Furthermore, having studied the provided evidences on record, the Panelist believes that the Respondent has registered the disputed domain with full knowledge that he has no right to use this domain name. The Panelist also believes that this attracts, for commercial gain, Internet users to the Respondent’s web sites by creating a likelihood of confusion with the Complainant’s marks as to the source, sponsorship, affiliation, or endorsement of Respondent’s web sites.

 

Respondent argues that there is no confusion created by the <waterleferealestate.com> domain name and resolving website because the website clearly states “Sarasota Bay Real Estate” and the brokerages for all the properties featured on the website are identified. However, the generic term “real estate” used in the disputed domain name is broad enough, and thus is not limited to brokerage services offered by the Respondent. This implies a full spectrum of services related to real estate which, being used along the registered trademark of the Complainant, creates an association in consumers that the services might come from the Complainant. Domain names are not only descriptive of the information the public expects to find on the website associated with the domain name, but are also indicative of sources of this information or services offered. Thus, a likelihood of confusion exists.

 

Respectively, the use of this domain name diverts actual and potential clients of the Complainant and is likely to cause confusion among consumers.

 

As follows from the submitted evidences in the case, the Respondent uses the <waterleferealestate.com> domain name to host a competing website from which Respondent commercially benefits.  In Velv, LLC v. AAE, FA 677922 (Nat. Arb.

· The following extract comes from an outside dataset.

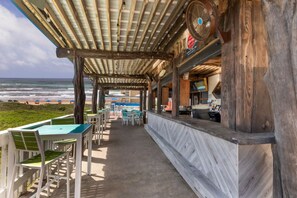 Se sirven desayunos, comidas y cocina americana con vista a la playa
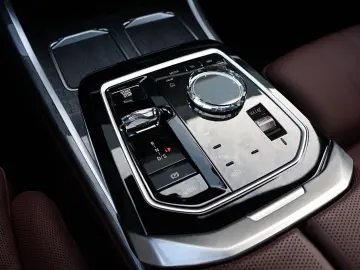 BMW 760i xDrive M Crystal SkyLounge B&W HUD ACC 360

Forum May 25, 2006), the panel concluded that a respondent registered and used a disputed domain name in bad faith when the respondent used the disputed domain name to host a competing website offering services that competed with the complainant’s services. 

 

In view of the above, the Panelist finds that Respondent registered and uses the <waterleferealestate.com> domain name in bad faith pursuant to Policy ¶ 4(b)(iv).

 

Thus, it is found that Policy ¶ 4(a)(iii) has been satisfied.

 

DECISION

Having established all three elements required under the ICANN Policy, the Panel concludes that relief shall be GRANTED.

 

Accordingly, it is Ordered that the <waterleferealestate.com> domain name be TRANSFERRED from Respondent to Complainant.